The model formulation for both methodologies is based on the one presented in [14], where the impact of the operation of the PSHPs on the market clearing prices of the DM and SM were neglected. Given that the approach presented in [14] assumes a price-taker behavior for both the DM and the SM, the obtained incomes in the SM could be significantly overestimated. In order to overcome this drawback, the model presented in [14] has been conveniently updated in this paper in order to consider the impact in the SM prices of the secondary regulation reserves offered by the PSHP (price-maker approach). The formulation used to model the PSHP as a price-maker is based on the one presented in [15], using a linear approximation of the residual demand curves of the secondary regulation reserve market (RRCs). Note that the PSHPs are modeled as a price-taker in the DM because the maximum power of the analyzed PSHPs (between 400 and 1200 MW) represents 0.87–2.62% of the maximum demand of the Spanish system in the said market.
The objective function of the model consists in maximizing the net income in the DM (income due to the sold energy minus cost due to the purchased energy), plus the income for the reserves put at disposal of the TSO in the SM, plus the net income for the secondary regulation energy due to the real-time use of the committed reserves (income/cost due to the real-time use of the upward/downward reserves) and minus the start-up costs in generating and pumping modes. The optimal solution of the model is composed by the hourly schedules in the DM and in the SM, in addition to the hourly schedules of the net secondary regulation energy. Among others, the operation of the PSHPs is restricted to the technical limits of the pump-turbine units and to the maximum and minimum water storage capacity of the upper reservoir.

3. Case Study

3.1. Technical Data

In the presented paper, nine different PSHPs are studied.

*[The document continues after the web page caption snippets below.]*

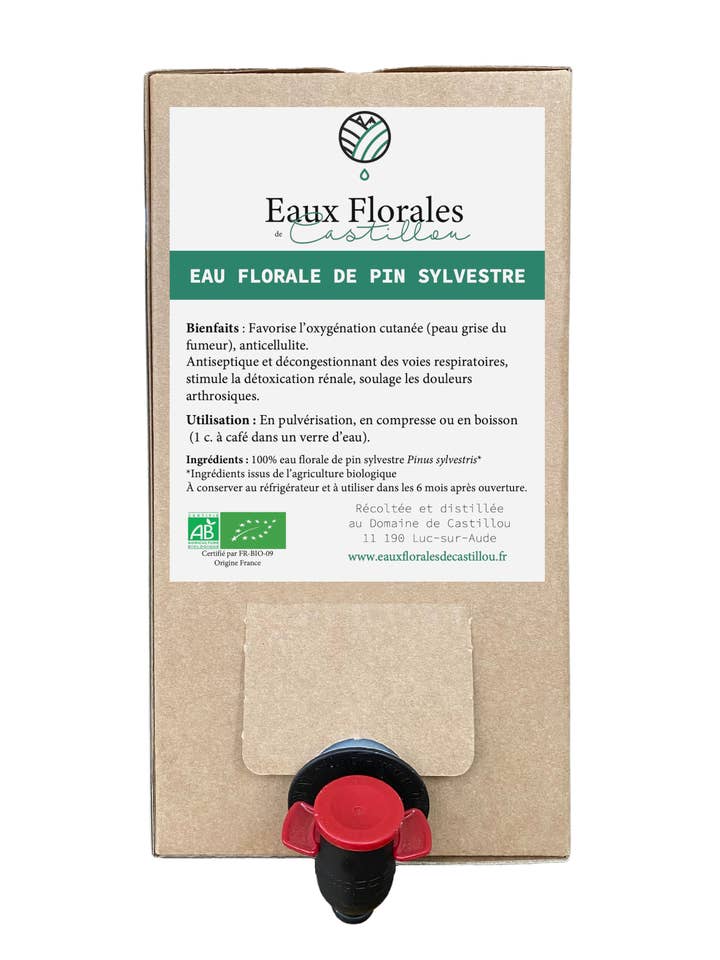 Bio-Waldkiefernblütenwasser, Bag-in-Box, 3 l für den Großhandel von Eaux Florales de Castillou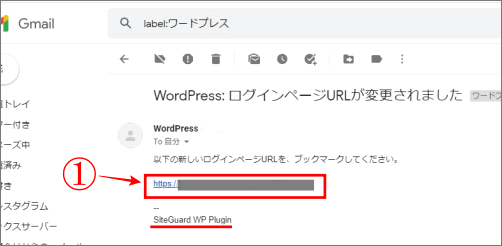 SiteGuard WP PluginURL変更メール画像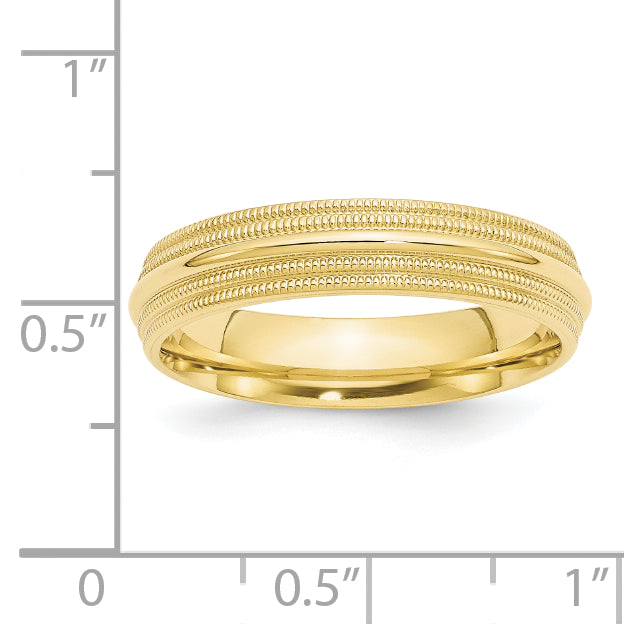 10k Yellow Gold 5mm Double Milgrain Comfort Fit Wedding Band Size 4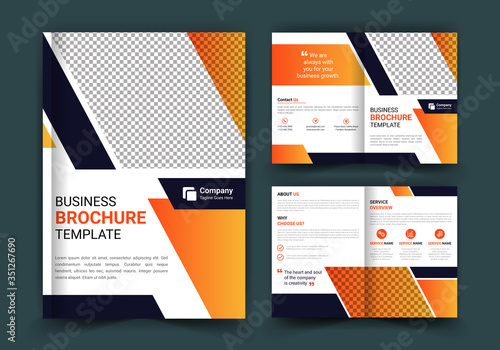 Corporate business bi-fold brochure template design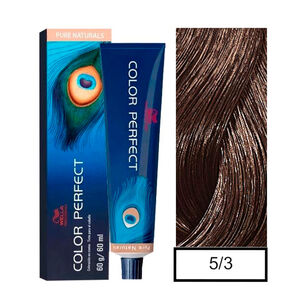Wella - Tintura Permanente Color Perfect 5/3 Casta&ntilde;o Claro Dorado 60gr + Oxidante 20vol 60ml
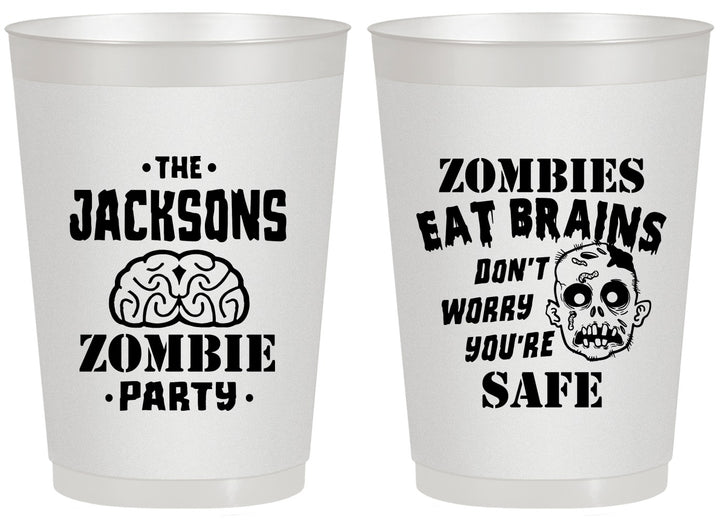 Personalized Halloween 20 oz Frosted Cups - Zombie Brain | 250026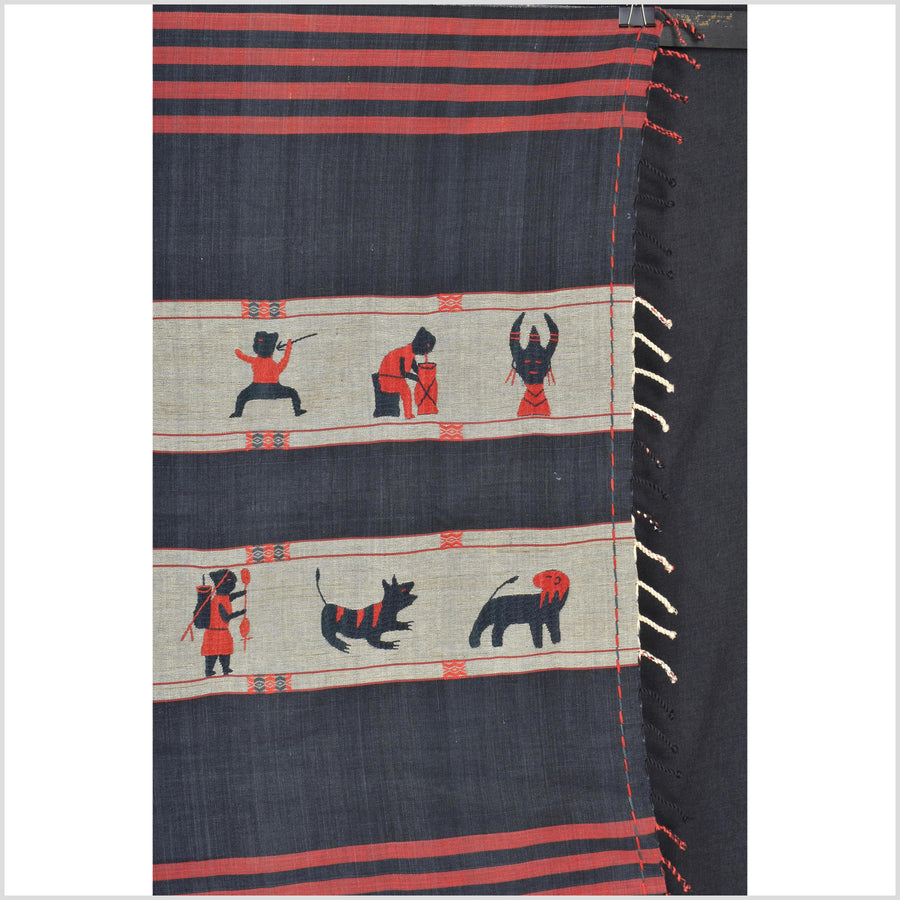 Vintage gray & indigo blue cotton story quilt Naga tribal textile ethnic embroidered boho fabric Burma hill tribe tapestry Thai India II158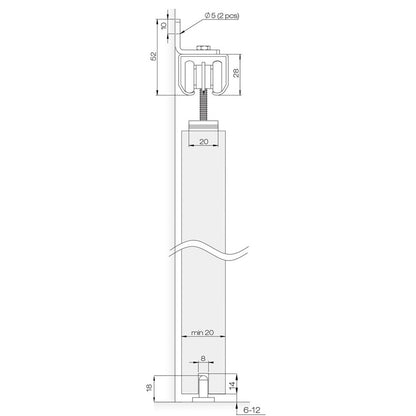 Zestaw Helaform 20705/75/JR, do przesuwnych drzwi wewnętrznych, 2 m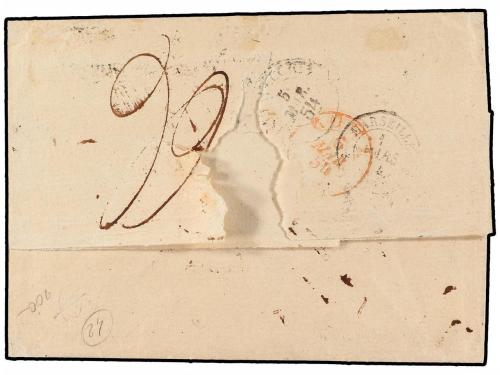 ✉ ESPAÑA. Ed. 24 (2). 1854. SANTIAGO a ROMA. 6 cuartos rojo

They are chosen in order to cover almost all the range of daily-cycle PSHPs: between 4 and 12 h of empting or refilling the upper reservoir at maximum water discharge and pumped water flow, respectively. The PSHPs are assumed to be equipped with one binary unit operating at fixed speed. A binary unit is composed by a reversible Francis pump-turbine unit and a synchronous motor-generator. The technical data of each PSHP is shown in Table 1. The maximum generation capacity of the 6–12 h units is close to the one of the largest hydropower units in the world: see [16] for further information about the 805 MW turbine in the Columbia River or see [17] about the 800 MW Francis turbines at the Chinese Xiangjiaba underground hydropower plant. The 4 h and 5 h units are also studied for illustrative purposes although their maximum generation capacity is higher. Unpublished results of the authors show that the operation and the economic results are the same for both a 1 × 1200 MW PSHP and a 2 × 600 MW PSHP.
Maximum water discharge and pumped water flow have been chosen in order to empty and refill the upper reservoir in 4–12 hours. Note that the upper reservoir has a storage capacity of 5.0443 M·m3 in all cases. For example, the 6 h PSHP empties/refills the upper reservoir in six hours at its maximum water discharge/pumped water. The gross head is considered to be 400 m while the hydraulic losses are considered 3% of the gross head [18].
In generating mode, the minimum flow and efficiencies at maximum and minimum flows are determined from typical performance curves in [18]. A linear relationship between water discharge and power generation is assumed. As the reversible Francis pump-turbine unit is operated at fixed speed in pumping mode, it has a single operating point with a typical efficiency of 90% [19]. Start-up costs in generating and pumping modes have been calculated following the guidelines of [20].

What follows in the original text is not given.